For the records below, please print exactly and only the lines from the one with "Apple and coconut" down to the one with "Two workers on", both ends included, omitting the pictures.

• _GIVEN ENTRIES_:

◇ ◇ ◇ ◇ ◇ ◇ ◇

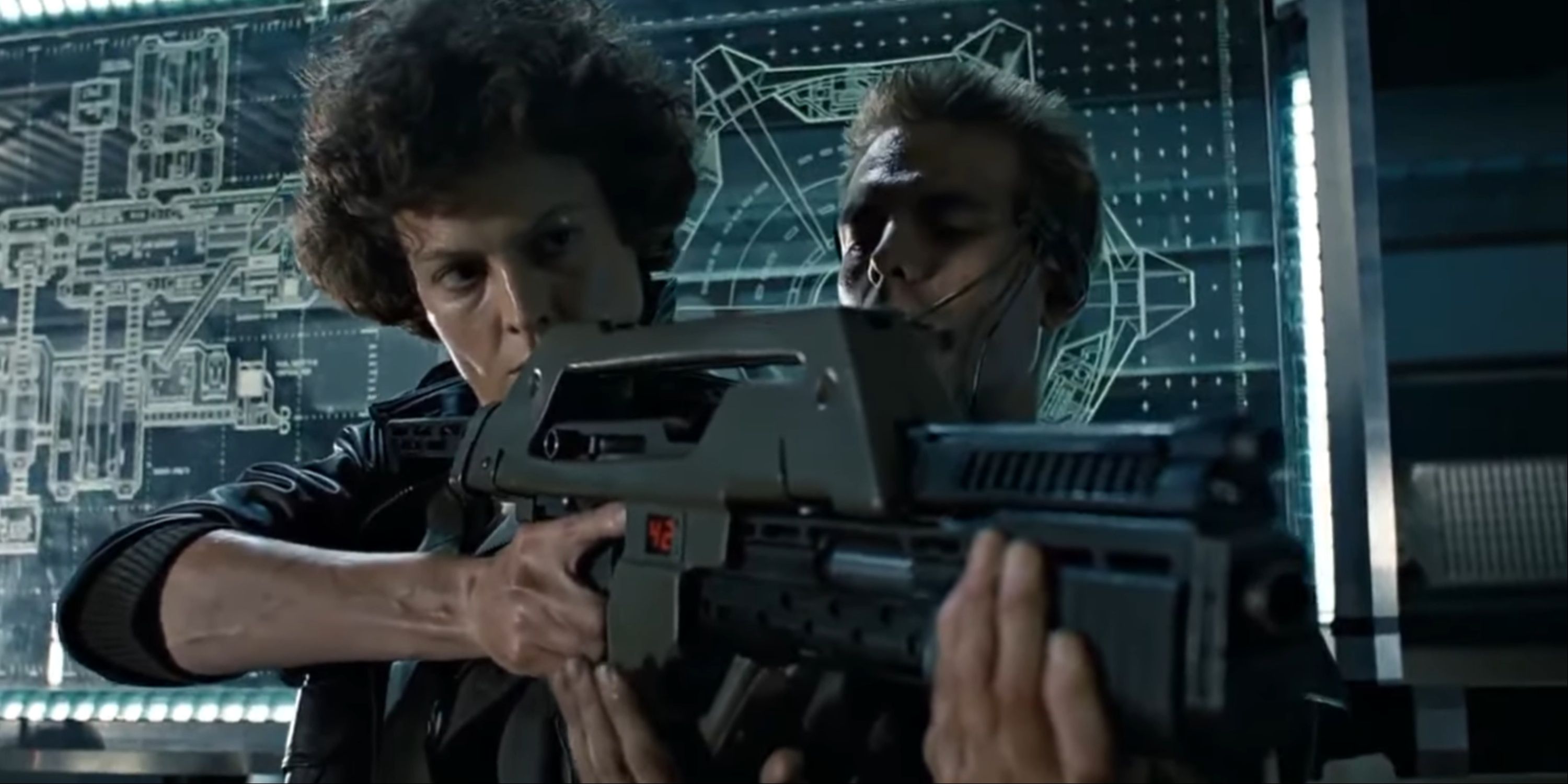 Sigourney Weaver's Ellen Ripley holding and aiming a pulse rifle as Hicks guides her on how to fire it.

◇ ◇ ◇ ◇ ◇ ◇ ◇

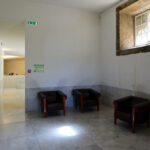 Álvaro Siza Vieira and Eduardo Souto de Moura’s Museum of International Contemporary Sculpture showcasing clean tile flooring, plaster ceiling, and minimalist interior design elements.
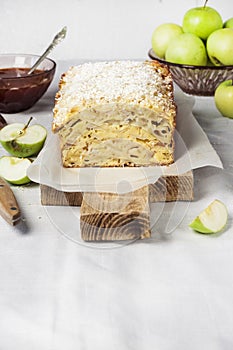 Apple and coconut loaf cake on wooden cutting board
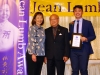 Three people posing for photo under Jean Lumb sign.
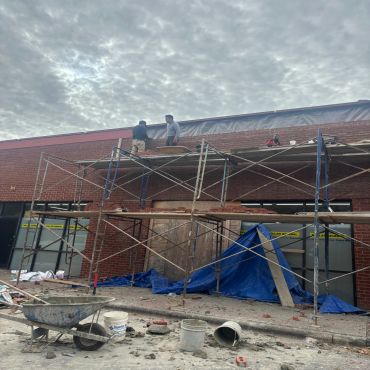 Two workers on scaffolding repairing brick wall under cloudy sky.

◇ ◇ ◇ ◇ ◇ ◇ ◇

• _WRITTEN RESPONSE_:
 Apple and coconut loaf cake on wooden cutting board
 Three people posing for photo under Jean Lumb sign.
 Two workers on scaffolding repairing brick wall under cloudy sky.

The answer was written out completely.